This collection of photographs is a reflection of Muay Thai, a martial art form which descended from what is now known as the Kingdom of Thailand over a millennium ago. Muay Thai uses the body to mimic the weapons of war. Hands act as the sword and dagger. Shins and forearms are hardened in training through a process referred to as cortical remodeling, thus becoming the armor to protect one against blows. The elbow becomes a heavy mace or hammer; the legs and knees become the axe and staff. The entire body is meant to operate as one all powerful unit. Muay Thai is notably alluded to as “the art of eight limbs,” and its popularity has grown immensely in the past century. Modernization of Muay Thai by King Rama VII (r. 1925-35) transformed the sport by systemizing rules and regulations. In 1995, the World Muay Thai Federation was founded and later established in Bangkok. There are now thousands of gyms spread all over the globe.
Presented in my collection are two Muay Thai camps: Poonsawat Camp, which is located in Tha Sala, Thailand, and Camp Sitawee, which is located in the southern district of Nakhon Si Thammarat, Thailand.

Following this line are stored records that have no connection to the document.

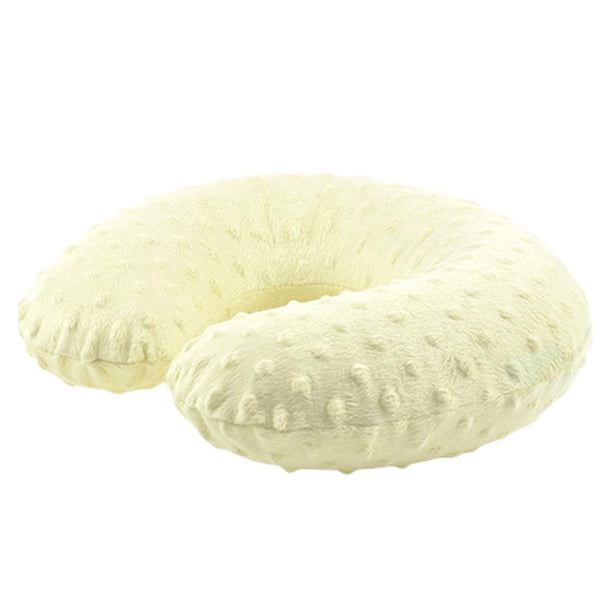De Viaje En Forma De U, Almohada Para El Cuello, Cojín De Aire Para El Cuello Del Bebé, Cojín Creativo, Cojín Para La Cabeza Para La Siesta De La Oficina, Almohada Para El Cuello Sweethay HA043735-03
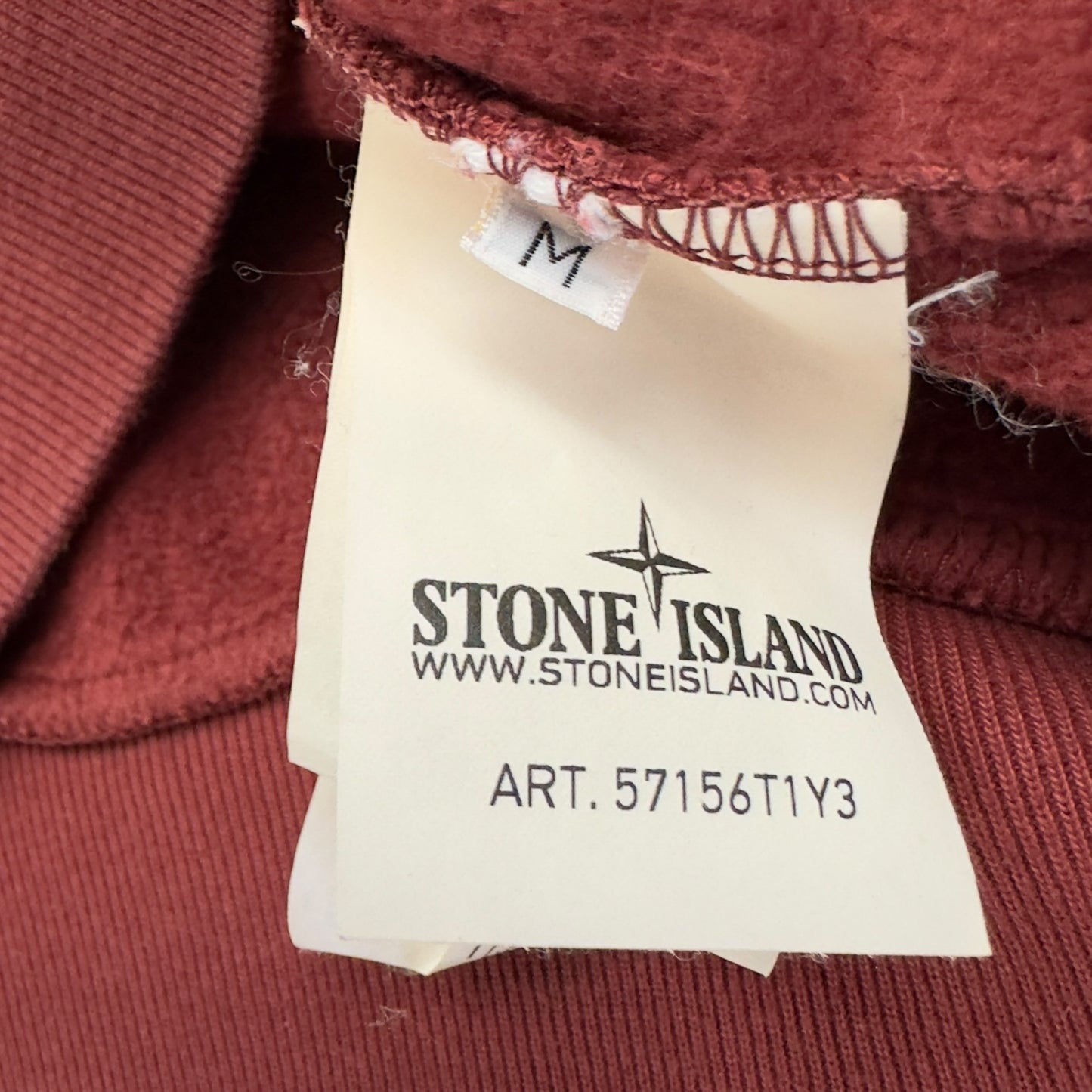 A/W 12 Stone Island 30 Anni Hoodie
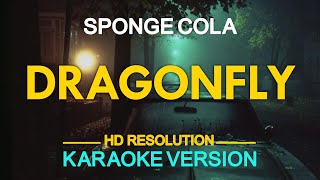 DRAGONFLY - Sponge Cola (KARAOKE Version)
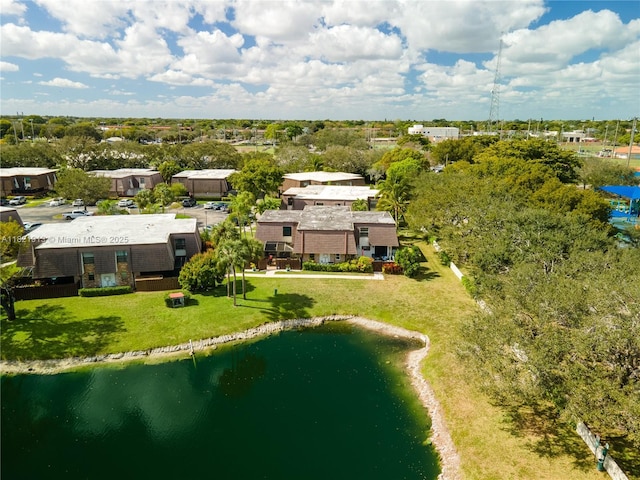2571 NW 99th Ave, Coral Springs, FL 33065 - aerial view of a nearby body of water and a tree filled landscape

Poonsawat Camp is led by Bao Witoon, a passionate boxer who trains anyone interested in the sport completely free of charge. He has run the camp this way for the past 10 years and believes that seeing his students healthy and drug free is payment enough. Witoon trains fighters to a certain skill level before sending them off to train with professionals in Bangkok. Camp Sitawee, on the other hand, is led by Narong Komsaman, an elderly boxer who has actively engaged in the sport for over 50 years. Students pay between 500-1000 baht per month to train with Komsaman who has run Camp Sitawee for the past 30 years. Unlike Witoon, Komsaman teaches Muay Thai primarily for the history and culture of Thailand. These photographs are presented in an order which I deemed most appropriately fit.